Não imagino o que passam ou o que passaram no vosso pais de origem. Não sei se perderam família nas mãos de homicidas fortuitos, se acordavam e se deitavam com medo, se viviam petrificadas com os horrores massivos que estão a ser cometidos, mas imagino perfeitamente o fascínio europeu pela ideia de bonança e da prosperidade.
Contudo, o que venho contar-vos não é animador. Não temos armas nem guerras, mas em Portugal não estamos livres de morrer barbaramente nas mãos de ninguém como está estampado nas capas de jornais de todos os dias, muitos assassinos estão até a morar debaixo dos nossos tectos, aniquilando barbaramente as suas esposas, por exemplo. Deixem-me dizer-vos que os hábitos de violência domestica, no nosso país, estão tão enraizados na nossa tradição, como um galo centenário que temos em Barcelos. Não estamos livres de sermos agredidos gratuitamente e roubados no centro da capital, em plena luz do dia, como aconteceu com um dos meus melhores amigos, estamos bastante propensos ao desemprego e até à fome. Não é estranho assistirmos a pessoas que trabalharam toda a sua vida passarem fome, esticando até ao limite do inacreditável a sua reforma de 250€. E não só, não é difícil assistir famílias inteiras a fazer malabarismos extraordinários, saltando refeições com copos de água, tomando remédios dia sim dia não, fugindo dos senhorios, vivendo do auxilio das IPSS's e da bondade dos vizinhos.
O nosso pior cenário pode ser o vosso paraíso idílico, acredito que sim, mas gostava que tivéssemos mais a oferecer do que aquilo que realmente temos. Vi ontem, no Porto, um rapaz da minha idade, uma pessoa normal e vestida normalmente, a abordar envergonhadamente uma ou outra pessoa na rua, a pedir comida e senti-me mortificada com aquela imagem, pela expressão do jovem que espelhava nos olhos a vergonha e tristeza pela condição que estava sujeito.
Ver aquilo fez-me acreditar que temos muito pouco para dar até aos portugueses e que por isso não vos podemos iludir com a mentira da bonança e prosperidade, porque pode não ser o que irão encontrar. Encontrar trabalho é difícil, para alguém que fala a nossa língua, tem licenciaturas e doutoramentos, imagino a dificuldade de um estrangeiro. Falo da experiência que conheço, que provavelmente acabarão a trabalhar duramente a troco de escassa retribuição, que certamente não é o que almejam nesta "promessa" de sonho europeu.
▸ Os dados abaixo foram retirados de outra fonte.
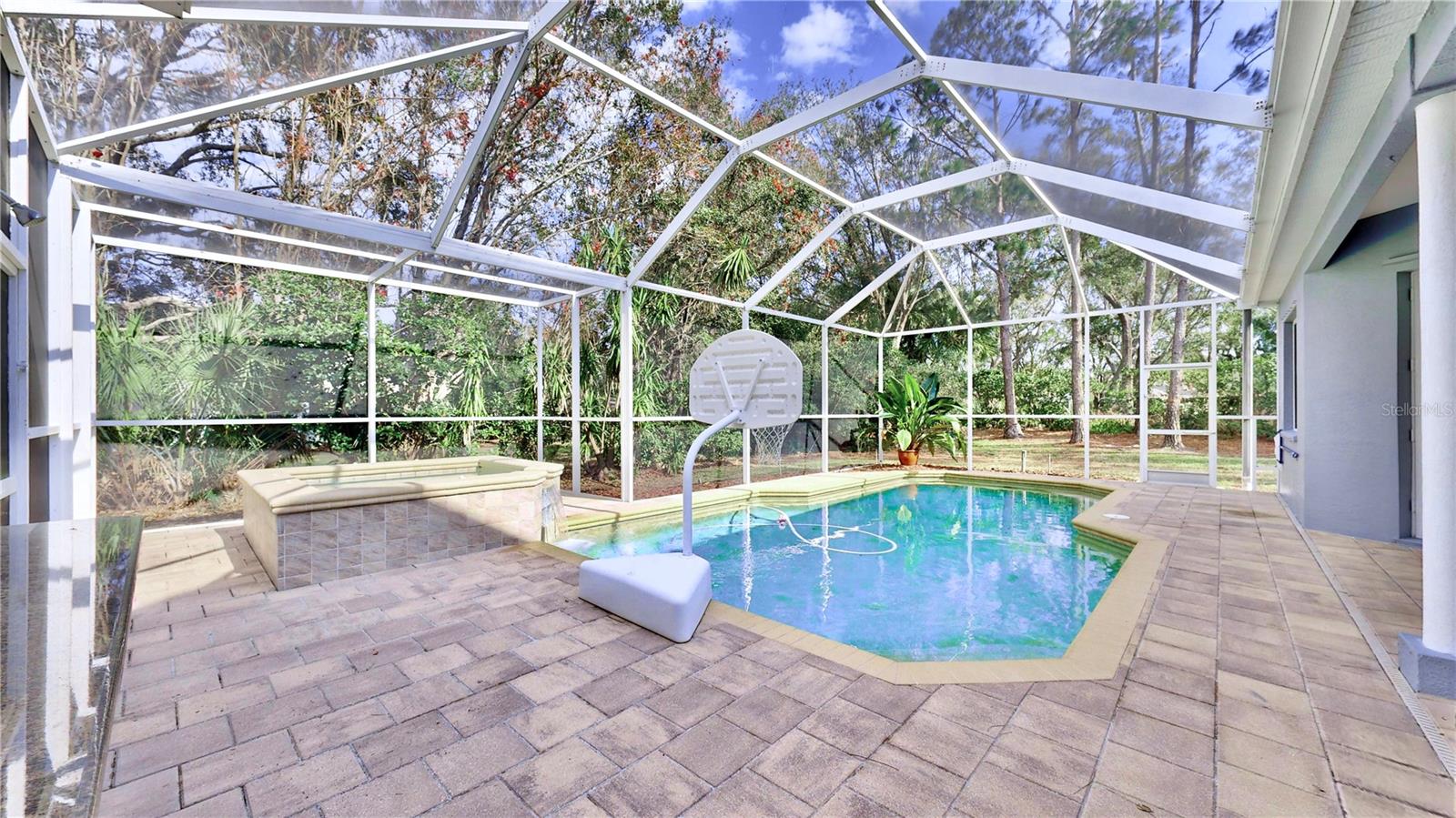 5253 MIRA VISTA DR, PALM HARBOR, FL, 34685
Será que podemos dizer convictamente "venham! nós cuidamos de vós" sem risco de vos estarmos a mentir na cara? Será que vamos estar à altura de vos ajudar? Ou de apenas de vos dar um abrigo temporário, o qual abandonarão para os países fortes, assim como nós estamos a ter que fazer, para ter uma vida digna? Não estou a falar que os portugueses saem de cá para satisfazer caprichos de consumo, não, falo-vos de poder viver condignamente, para poder pagar as contas do mês.
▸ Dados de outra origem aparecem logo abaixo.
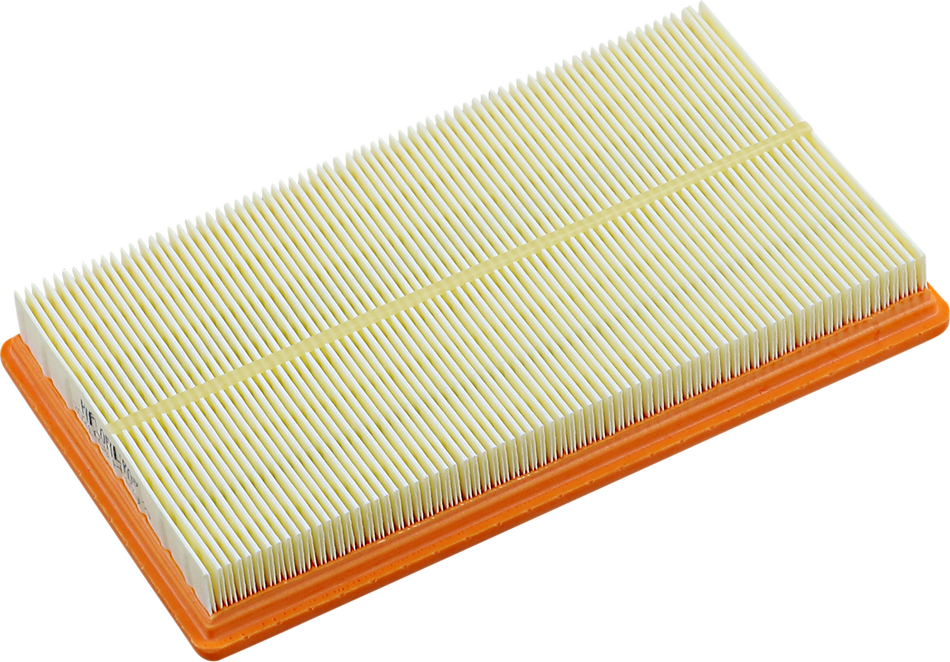 HIFLOFILTRO Air Filter - BMW S1000XR/RR HFA7919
Será que aquele rapaz que vi ontem se sente protegido no nosso país? Como podemos prometer protecção se os que cá estão também pedem nas ruas para comer?
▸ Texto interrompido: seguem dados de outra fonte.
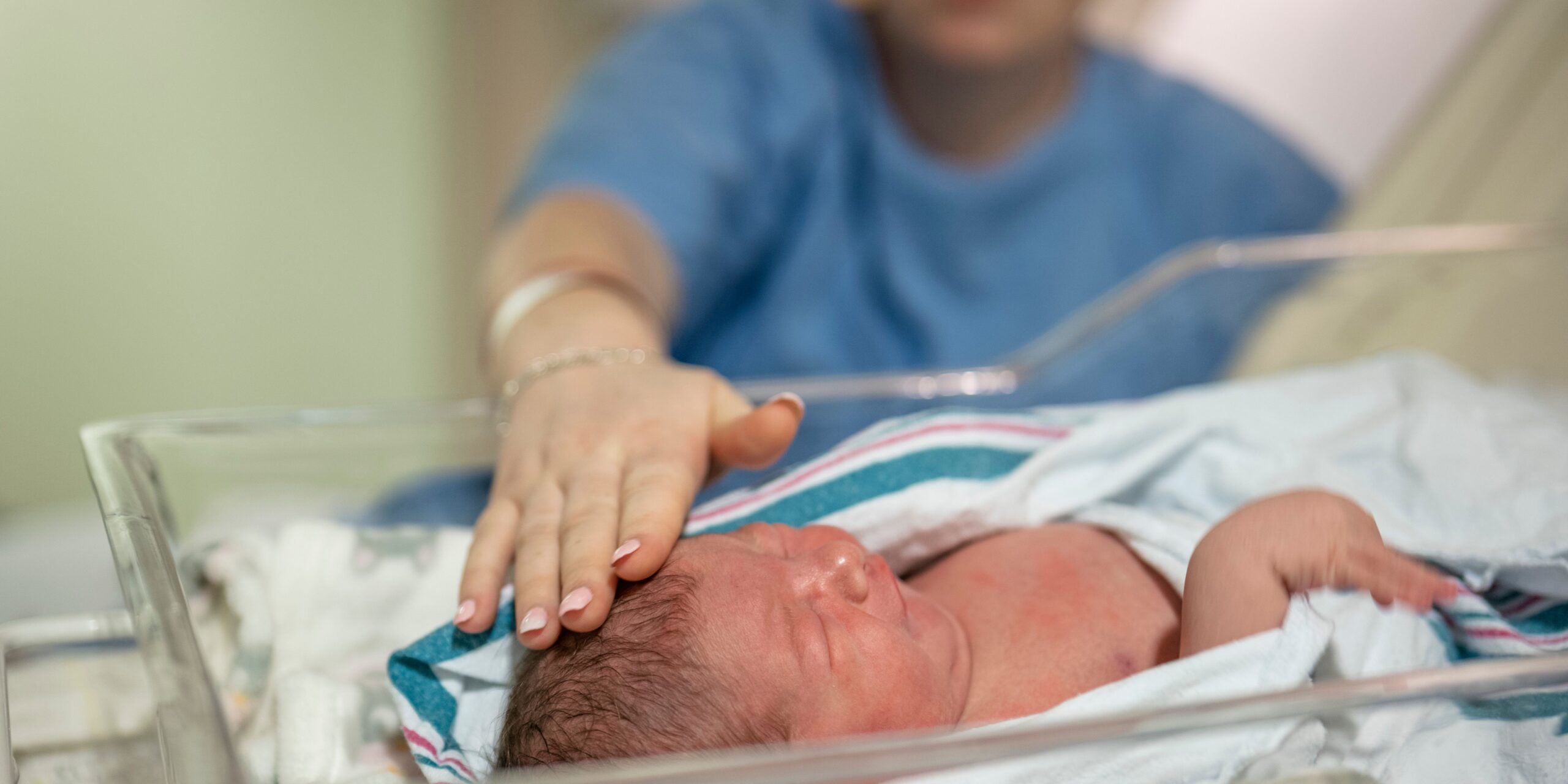 enhanced care management California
Não sejamos hipócritas. Não podemos prometer mentiras. Se vierem para Portugal não vos posso prometer mentiras e contos fabulosos de vidas extraordinárias. Não vos consigo garantir que consigamos cuidar de vós ou que não acabarão frustrados ao fim de meio ano. Eu própria me sinto, como conseguiria ser desonesta convosco? Não vos posso garantir realização profissional ou estabilidade financeira, porque a maioria de nós também está nessa cruzada. Queria poder ajudar-vos e prometer que aqui estão seguros, que aqui vos vamos oferecer aquilo que tanto almejam, mas não posso. Sei que até nos podemos organizar, arranjar casas para habitarem, mas e depois disso? Conseguiremos garantir realmente integração na sociedade? Garantir emprego? Criar capacidade para subsistirem dignamente?
Se vierem a única coisa que posso prometer é braços abertos, porque estarão num país que luta até para conseguir cuidar de si próprio.
*Desculpem a agressividade, mas aquela imagem ontem desestabilizou-me.